The Internet Thruway, IMHO, is the first serious attempt at getting to the
root problem.  I don't know much about Nortel's product, but I do know that
using the PSTN seems to be the wrong way to get Internet service.   Why on
earth do you want to use a circuit-switched network to access a packet
switched network?  That's nuts, but unfortunately it's the only option Joe
Consumer has.

Cable modems?  They'll be great when your cable company's plant will work
birectionally and they get their data act together.  I was amused by a
letter to the editor in this week's _Fortune_ magazine.  The writer proudly
proclaimed that Internet access over cable worked wonderfully.  He went on
about how "..on the appointed day, at the appointed time, two cable
installers, three Comcast personnel, and two CompUSA personnel arrived and
successfully installed my cable modem in two hours..."  Good God, if it
takes 14 person-hours to install a cable modem, the cable companies are
going to lose their shirts!  (I'd like to know if this crew was even able
to all show up in the same vehicle! :-)

As for ADSL, I have serious doubts as to whether or not the phone campanies
understand what to do with the technology.  After they get xDSL local loops
to everyone's home, will they know what to hook them up to?   I've heard a
lot about ADSL trials, but what are these loops being connected to?  Does
the solution scale?

There are lots folks in the phone company who have no clue as to how the
Internet works.  This is why none of them saw this Internet access thing
coming.  (Not that I'm sure they could have done anything about it...)
They now have a network that is underengineered for the way it's being used
and they have to do something about it quick...  The only means they know
of is to raise the price.  

The Internet Thruway product has potential to help solve their problems,
but I'm afraid that it may flop because it'll require too much cooperation
between the telcos and the ISPs.  After all, the telco nework was just fine
until all of these ISPs showed up and screwed it up.
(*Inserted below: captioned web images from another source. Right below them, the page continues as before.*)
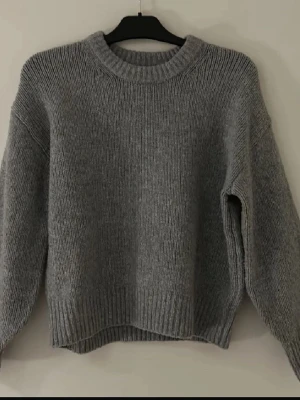 Grå stickad tröja med rund hals - Mysig grå stickad tröja med rund halsringning och ribbade muddar. Tröjan har en loose passform och långa ärmar, perfekt för lager-på-lager under kyliga dagar. Tröjan har några få små rosa fläckar vid halsorngningen kan kanske gå bort vid tvätt men vet ej, skriv för detaljerade bilder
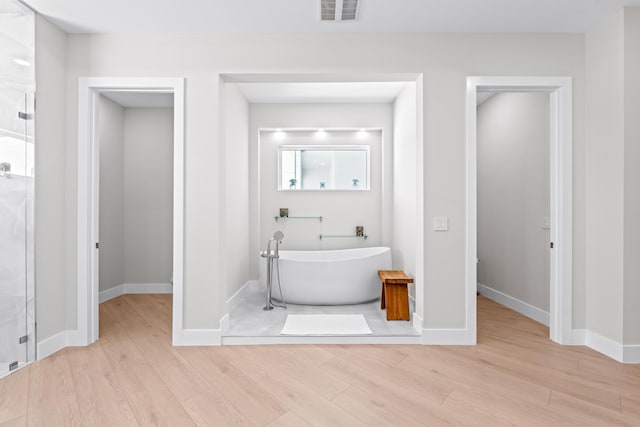 bathroom with hardwood / wood-style floors and shower with separate bathtub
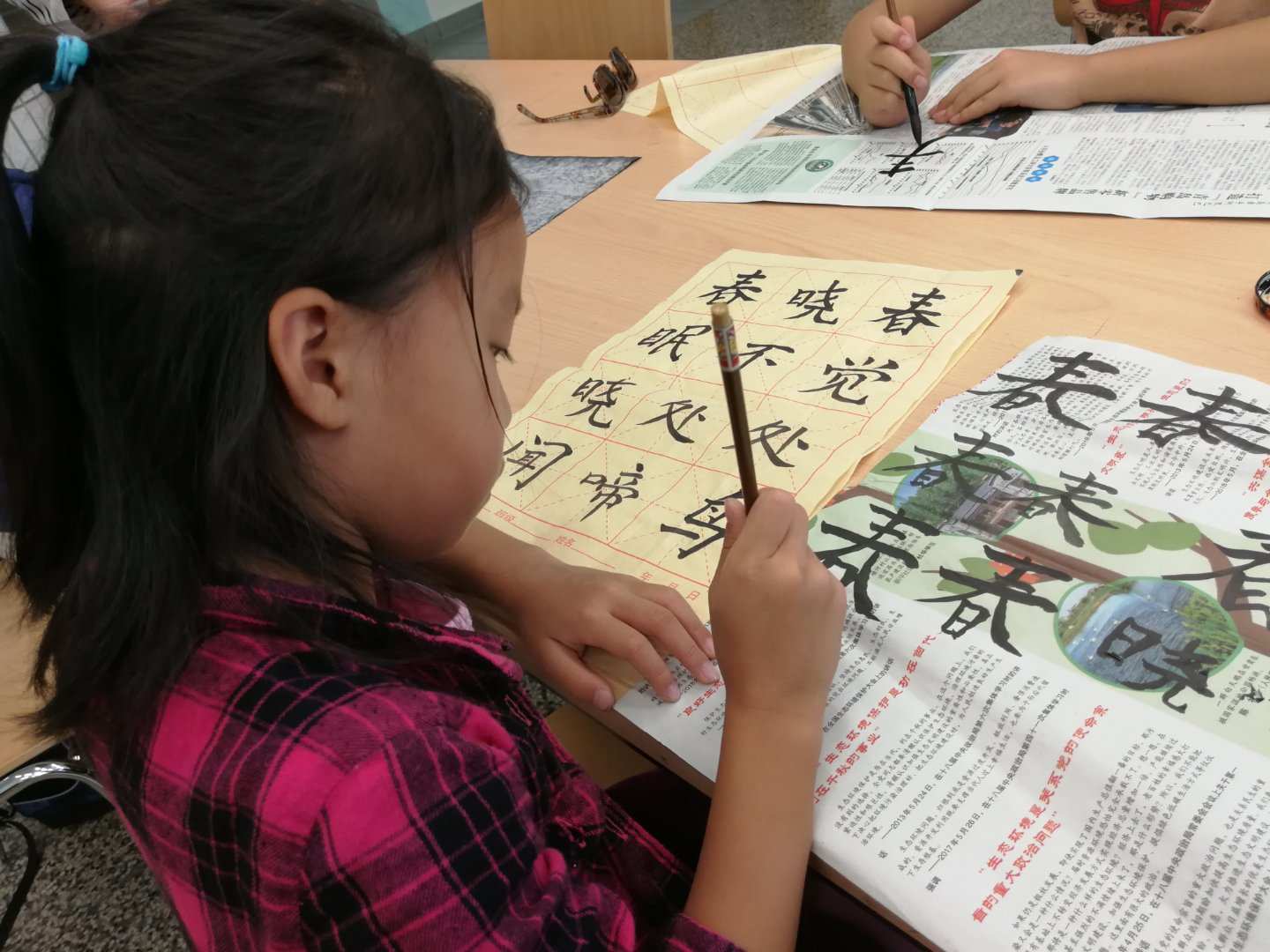 Kind übt chinesische Kalligraphie mit einem Pinsel.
You can be damn sure
that most of the telco folks don't see it as thier problem to pay to solve
this congestion in their network.  Many still feel it's the telcos'
God-given right to make a profit every quarter, regardless of how poorly
they project future customer demand.  I'm afraid that they're going to see
Internet Thruway as an opportunity to charge ISPs for the privledge of
helping to relieve the congestion in the PSTN...  It all comes down to
paying for more facilities, whether it's Internet Thruway, bigger switches
and more trunks, or a parallel (ADSL-based perhaps) packet-switched network.  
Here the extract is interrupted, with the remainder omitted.